In patients with HVS, mixed hysterical-anxiety disorders are often observed, and then in an attack, against the background of panic fear, hysterical symptoms may appear - “hysterical arc”, convulsions in the limbs, “loss of consciousness”, etc.

Objectively, with HVS, a constant disturbance in the pattern of the respiratory cycle is detected: unlike healthy people, in whom the duration of inhalation is related to the duration of exhalation as 1:2, in patients with HVS, inhalation is 2 times longer than exhalation.

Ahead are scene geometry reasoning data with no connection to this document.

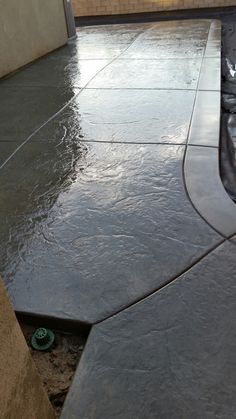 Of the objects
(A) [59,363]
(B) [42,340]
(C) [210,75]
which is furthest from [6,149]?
(C) [210,75]

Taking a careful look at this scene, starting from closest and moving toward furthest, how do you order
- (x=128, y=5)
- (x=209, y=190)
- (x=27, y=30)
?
1. (x=209, y=190)
2. (x=27, y=30)
3. (x=128, y=5)

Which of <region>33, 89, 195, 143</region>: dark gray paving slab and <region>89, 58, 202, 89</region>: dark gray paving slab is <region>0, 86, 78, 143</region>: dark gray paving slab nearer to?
<region>33, 89, 195, 143</region>: dark gray paving slab

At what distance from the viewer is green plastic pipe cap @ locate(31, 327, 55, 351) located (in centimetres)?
131

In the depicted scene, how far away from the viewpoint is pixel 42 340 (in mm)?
1319

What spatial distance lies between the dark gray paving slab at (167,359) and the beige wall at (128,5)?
30.9 feet

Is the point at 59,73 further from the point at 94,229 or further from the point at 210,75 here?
the point at 94,229

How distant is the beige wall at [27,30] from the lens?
4.46m

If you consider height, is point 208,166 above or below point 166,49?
below

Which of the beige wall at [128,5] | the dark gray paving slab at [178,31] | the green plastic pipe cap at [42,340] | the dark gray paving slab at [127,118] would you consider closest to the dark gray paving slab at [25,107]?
the dark gray paving slab at [127,118]

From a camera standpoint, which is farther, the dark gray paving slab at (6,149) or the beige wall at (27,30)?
the beige wall at (27,30)

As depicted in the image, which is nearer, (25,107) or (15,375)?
(15,375)

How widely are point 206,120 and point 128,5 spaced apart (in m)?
7.99

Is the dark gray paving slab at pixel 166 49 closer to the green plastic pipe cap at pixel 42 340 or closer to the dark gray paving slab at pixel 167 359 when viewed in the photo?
the dark gray paving slab at pixel 167 359

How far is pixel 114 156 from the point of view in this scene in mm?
2438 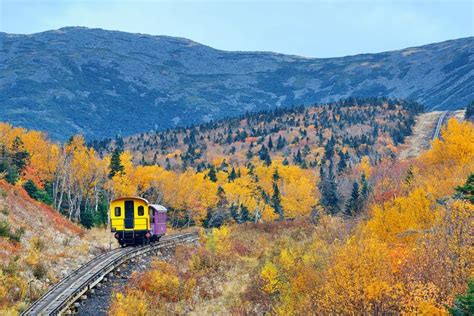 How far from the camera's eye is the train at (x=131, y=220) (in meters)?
35.6

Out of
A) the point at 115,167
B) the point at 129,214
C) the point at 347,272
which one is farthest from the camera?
the point at 115,167

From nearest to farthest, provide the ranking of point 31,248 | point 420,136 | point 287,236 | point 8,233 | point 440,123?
point 31,248
point 8,233
point 287,236
point 420,136
point 440,123

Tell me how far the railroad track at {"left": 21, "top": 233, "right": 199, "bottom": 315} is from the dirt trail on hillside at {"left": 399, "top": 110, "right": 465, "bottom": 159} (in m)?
109

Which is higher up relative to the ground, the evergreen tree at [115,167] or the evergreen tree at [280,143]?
the evergreen tree at [115,167]

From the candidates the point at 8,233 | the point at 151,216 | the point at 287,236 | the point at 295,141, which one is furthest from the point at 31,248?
the point at 295,141

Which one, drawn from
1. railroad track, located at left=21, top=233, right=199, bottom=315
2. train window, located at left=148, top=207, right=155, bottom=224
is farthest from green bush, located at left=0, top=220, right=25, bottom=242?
train window, located at left=148, top=207, right=155, bottom=224

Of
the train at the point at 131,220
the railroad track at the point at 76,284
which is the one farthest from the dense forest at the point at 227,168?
the railroad track at the point at 76,284

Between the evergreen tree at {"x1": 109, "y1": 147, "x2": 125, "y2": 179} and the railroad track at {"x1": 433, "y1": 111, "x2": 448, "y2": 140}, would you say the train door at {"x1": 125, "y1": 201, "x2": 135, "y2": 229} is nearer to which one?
the evergreen tree at {"x1": 109, "y1": 147, "x2": 125, "y2": 179}

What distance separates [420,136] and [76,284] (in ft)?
502

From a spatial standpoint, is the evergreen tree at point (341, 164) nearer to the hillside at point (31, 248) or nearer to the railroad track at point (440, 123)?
the railroad track at point (440, 123)

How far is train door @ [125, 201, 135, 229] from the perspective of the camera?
117 ft

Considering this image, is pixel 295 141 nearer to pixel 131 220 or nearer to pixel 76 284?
pixel 131 220

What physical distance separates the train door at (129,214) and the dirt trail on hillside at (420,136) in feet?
334

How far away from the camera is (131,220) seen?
35500mm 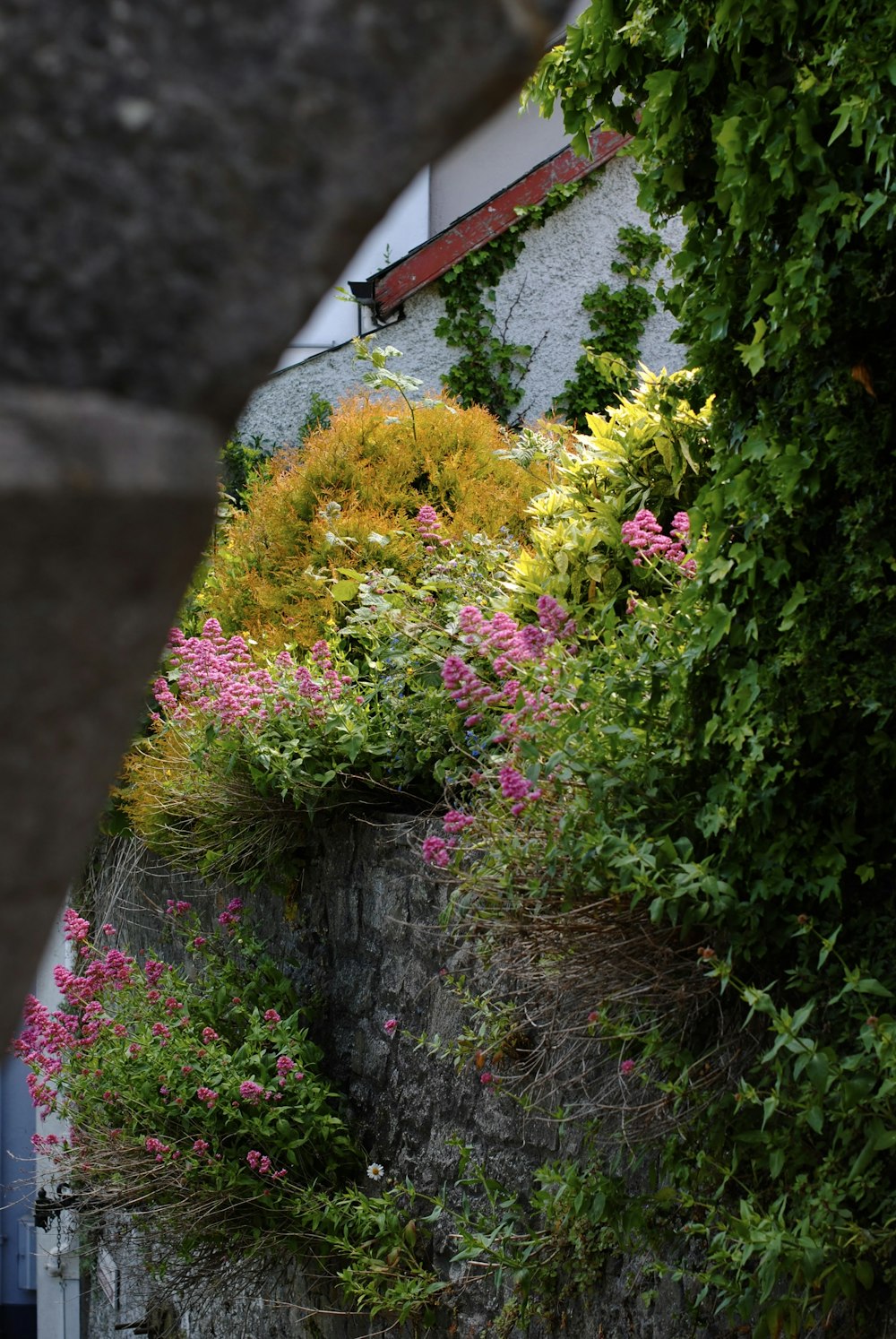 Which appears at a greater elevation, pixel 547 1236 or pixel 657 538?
pixel 657 538

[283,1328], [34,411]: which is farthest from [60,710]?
[283,1328]

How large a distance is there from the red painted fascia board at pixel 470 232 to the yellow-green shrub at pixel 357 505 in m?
2.32

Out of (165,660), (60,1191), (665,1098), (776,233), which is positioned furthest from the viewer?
(165,660)

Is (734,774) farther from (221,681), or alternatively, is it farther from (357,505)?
(357,505)

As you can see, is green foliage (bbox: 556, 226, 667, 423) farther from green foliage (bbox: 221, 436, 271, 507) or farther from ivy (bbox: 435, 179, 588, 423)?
green foliage (bbox: 221, 436, 271, 507)

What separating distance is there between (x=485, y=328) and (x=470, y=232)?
0.66 metres

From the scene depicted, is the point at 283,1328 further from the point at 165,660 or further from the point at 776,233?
the point at 776,233

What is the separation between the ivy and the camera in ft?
29.2

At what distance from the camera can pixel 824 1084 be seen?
7.53 ft

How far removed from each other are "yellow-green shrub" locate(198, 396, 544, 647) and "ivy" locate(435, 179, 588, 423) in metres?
2.14

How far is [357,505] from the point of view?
6.20m

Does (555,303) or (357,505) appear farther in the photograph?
(555,303)

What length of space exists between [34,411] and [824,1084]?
210cm

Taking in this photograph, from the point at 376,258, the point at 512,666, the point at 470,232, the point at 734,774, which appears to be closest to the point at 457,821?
the point at 512,666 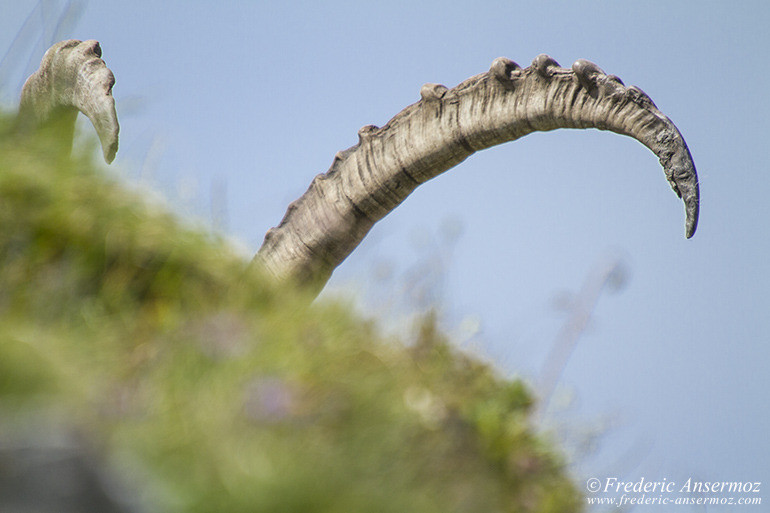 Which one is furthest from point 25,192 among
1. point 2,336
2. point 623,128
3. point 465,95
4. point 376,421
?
point 623,128

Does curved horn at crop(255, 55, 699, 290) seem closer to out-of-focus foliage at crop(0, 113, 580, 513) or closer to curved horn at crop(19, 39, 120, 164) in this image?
out-of-focus foliage at crop(0, 113, 580, 513)

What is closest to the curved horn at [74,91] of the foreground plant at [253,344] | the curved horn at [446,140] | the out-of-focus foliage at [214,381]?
the foreground plant at [253,344]

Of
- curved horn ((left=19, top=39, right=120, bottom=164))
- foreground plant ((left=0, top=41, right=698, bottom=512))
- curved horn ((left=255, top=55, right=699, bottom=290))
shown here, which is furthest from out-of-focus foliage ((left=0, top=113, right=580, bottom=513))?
curved horn ((left=255, top=55, right=699, bottom=290))

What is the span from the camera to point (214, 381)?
1521 millimetres

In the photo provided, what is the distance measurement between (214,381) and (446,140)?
1.83m

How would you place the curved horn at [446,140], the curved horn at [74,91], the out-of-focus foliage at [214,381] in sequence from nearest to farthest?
the out-of-focus foliage at [214,381], the curved horn at [446,140], the curved horn at [74,91]

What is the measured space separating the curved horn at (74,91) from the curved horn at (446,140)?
1032 mm

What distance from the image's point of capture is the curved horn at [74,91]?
101 inches

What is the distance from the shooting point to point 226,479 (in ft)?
3.87

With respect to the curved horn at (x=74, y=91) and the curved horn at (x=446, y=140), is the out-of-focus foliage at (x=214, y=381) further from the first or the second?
the curved horn at (x=446, y=140)

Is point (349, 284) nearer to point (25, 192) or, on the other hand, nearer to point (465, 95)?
point (465, 95)

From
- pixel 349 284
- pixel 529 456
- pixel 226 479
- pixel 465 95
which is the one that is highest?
pixel 465 95

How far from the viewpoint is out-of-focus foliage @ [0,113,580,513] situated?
1.17 metres

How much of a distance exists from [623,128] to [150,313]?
1901 mm
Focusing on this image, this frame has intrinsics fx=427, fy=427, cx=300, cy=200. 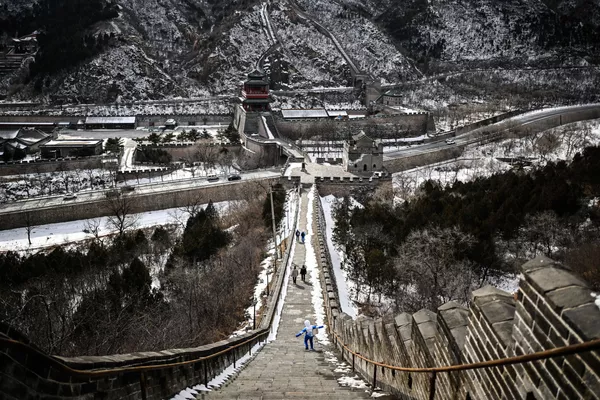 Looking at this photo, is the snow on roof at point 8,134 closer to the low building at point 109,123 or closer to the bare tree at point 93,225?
the low building at point 109,123

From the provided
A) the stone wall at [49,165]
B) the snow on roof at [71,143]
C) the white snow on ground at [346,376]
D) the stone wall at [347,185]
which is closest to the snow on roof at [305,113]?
the snow on roof at [71,143]

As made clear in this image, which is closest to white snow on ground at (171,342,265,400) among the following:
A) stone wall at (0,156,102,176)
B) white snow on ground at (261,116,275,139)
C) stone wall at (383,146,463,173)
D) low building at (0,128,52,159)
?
stone wall at (383,146,463,173)

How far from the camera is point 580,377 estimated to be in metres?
2.04

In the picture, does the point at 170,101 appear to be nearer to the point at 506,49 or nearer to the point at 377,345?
the point at 377,345

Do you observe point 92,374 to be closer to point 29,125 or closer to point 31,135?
point 31,135

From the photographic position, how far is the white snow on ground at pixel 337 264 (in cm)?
1837

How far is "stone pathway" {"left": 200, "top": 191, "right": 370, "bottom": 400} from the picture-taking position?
253 inches

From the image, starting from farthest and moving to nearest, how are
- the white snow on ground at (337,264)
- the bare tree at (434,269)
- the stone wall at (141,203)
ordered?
the stone wall at (141,203) < the bare tree at (434,269) < the white snow on ground at (337,264)

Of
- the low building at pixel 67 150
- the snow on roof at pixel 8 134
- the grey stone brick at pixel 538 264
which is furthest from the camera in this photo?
the snow on roof at pixel 8 134

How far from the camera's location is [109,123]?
5847 cm

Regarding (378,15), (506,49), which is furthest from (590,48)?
(378,15)

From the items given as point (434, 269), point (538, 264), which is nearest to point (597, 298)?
point (538, 264)

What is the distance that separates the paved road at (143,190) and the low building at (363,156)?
273 inches

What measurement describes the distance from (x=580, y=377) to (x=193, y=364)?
5897mm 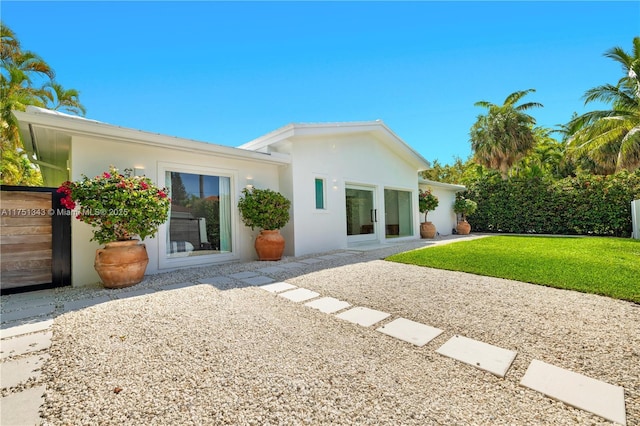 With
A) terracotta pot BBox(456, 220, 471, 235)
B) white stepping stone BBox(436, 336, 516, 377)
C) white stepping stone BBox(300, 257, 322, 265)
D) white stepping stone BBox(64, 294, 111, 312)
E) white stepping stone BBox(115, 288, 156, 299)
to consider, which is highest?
terracotta pot BBox(456, 220, 471, 235)

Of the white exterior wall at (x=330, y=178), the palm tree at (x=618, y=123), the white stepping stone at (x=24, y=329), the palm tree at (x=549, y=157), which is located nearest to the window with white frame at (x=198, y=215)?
the white exterior wall at (x=330, y=178)

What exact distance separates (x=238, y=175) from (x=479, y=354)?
694 cm

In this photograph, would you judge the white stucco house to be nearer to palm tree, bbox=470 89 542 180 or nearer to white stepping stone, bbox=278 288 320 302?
white stepping stone, bbox=278 288 320 302

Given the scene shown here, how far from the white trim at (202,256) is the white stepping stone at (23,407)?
179 inches

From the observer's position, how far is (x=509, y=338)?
2.81 metres

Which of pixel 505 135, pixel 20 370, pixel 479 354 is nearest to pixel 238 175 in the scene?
pixel 20 370

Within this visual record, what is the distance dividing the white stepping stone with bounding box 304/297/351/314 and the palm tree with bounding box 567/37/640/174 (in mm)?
15966

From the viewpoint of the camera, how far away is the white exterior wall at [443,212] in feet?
49.8

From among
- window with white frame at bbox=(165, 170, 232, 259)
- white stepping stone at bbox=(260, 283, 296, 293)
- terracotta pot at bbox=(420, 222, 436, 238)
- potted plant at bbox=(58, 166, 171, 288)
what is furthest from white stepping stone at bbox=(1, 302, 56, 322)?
terracotta pot at bbox=(420, 222, 436, 238)

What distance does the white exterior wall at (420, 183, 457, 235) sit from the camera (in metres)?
15.2

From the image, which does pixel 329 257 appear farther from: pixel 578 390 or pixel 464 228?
pixel 464 228

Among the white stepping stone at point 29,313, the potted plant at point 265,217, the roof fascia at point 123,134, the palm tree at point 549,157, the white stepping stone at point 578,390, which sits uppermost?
the palm tree at point 549,157

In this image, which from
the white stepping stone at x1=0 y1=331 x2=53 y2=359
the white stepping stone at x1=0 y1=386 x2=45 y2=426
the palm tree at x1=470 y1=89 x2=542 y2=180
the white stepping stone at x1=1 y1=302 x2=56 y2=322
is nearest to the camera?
the white stepping stone at x1=0 y1=386 x2=45 y2=426

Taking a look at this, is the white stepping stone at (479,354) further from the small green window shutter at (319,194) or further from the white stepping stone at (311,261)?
the small green window shutter at (319,194) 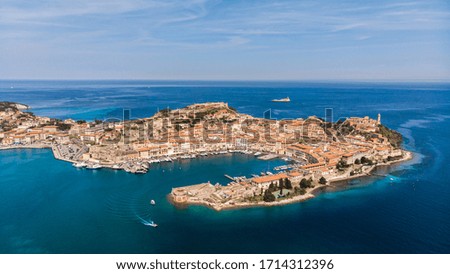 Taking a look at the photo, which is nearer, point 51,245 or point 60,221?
point 51,245

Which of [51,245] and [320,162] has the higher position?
[320,162]

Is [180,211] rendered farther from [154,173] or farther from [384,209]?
[384,209]

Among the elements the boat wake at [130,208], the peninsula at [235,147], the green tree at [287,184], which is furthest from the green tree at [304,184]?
the boat wake at [130,208]

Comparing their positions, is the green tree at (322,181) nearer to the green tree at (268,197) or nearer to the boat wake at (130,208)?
the green tree at (268,197)

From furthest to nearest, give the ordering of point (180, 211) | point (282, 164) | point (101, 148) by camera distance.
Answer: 1. point (101, 148)
2. point (282, 164)
3. point (180, 211)

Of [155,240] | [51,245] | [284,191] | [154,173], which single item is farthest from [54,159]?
[284,191]

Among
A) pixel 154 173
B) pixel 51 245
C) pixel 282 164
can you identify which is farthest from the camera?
pixel 282 164

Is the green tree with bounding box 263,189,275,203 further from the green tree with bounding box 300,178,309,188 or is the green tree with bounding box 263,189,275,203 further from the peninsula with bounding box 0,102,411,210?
the green tree with bounding box 300,178,309,188

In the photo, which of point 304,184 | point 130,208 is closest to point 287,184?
point 304,184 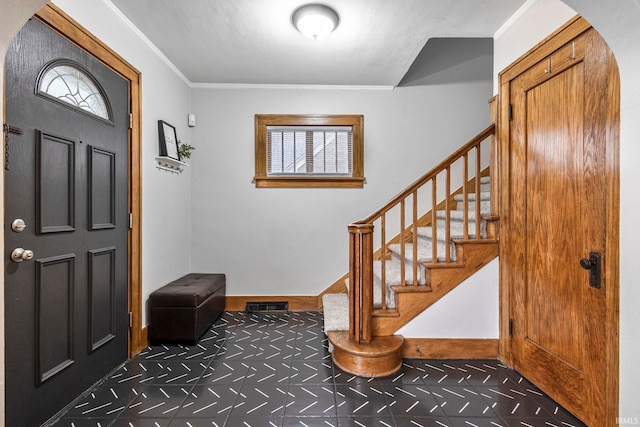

In addition to HVS, psychogenic stridor (motor disturbances of the vocal cords) is described as the most dramatic hysterical syndrome in the respiratory sphere [6]. Such patients usually make up the contingent of pulmonary pathology, emergency care or intensive care departments. The reason for the admission of such patients may be an atypical clinical picture of the disease, resistance to traditional therapy, or the urgent nature of respiratory disorders. Psychogenic stridor is a hysterical syndrome manifested by acute obstruction (stenosis) of the upper respiratory tract. Patients experience wheezing, labored, constricted breathing. Usually inspiratory stridor. Diagnostic studies (examination of the larynx and laryngoscopy) reveal pathological closure (adduction) of the true and false vocal cords at the moment of inspiration and their normal excursion during exhalation with a normal anatomical structure of the respiratory tract. Oxygen saturation never drops to pathological levels.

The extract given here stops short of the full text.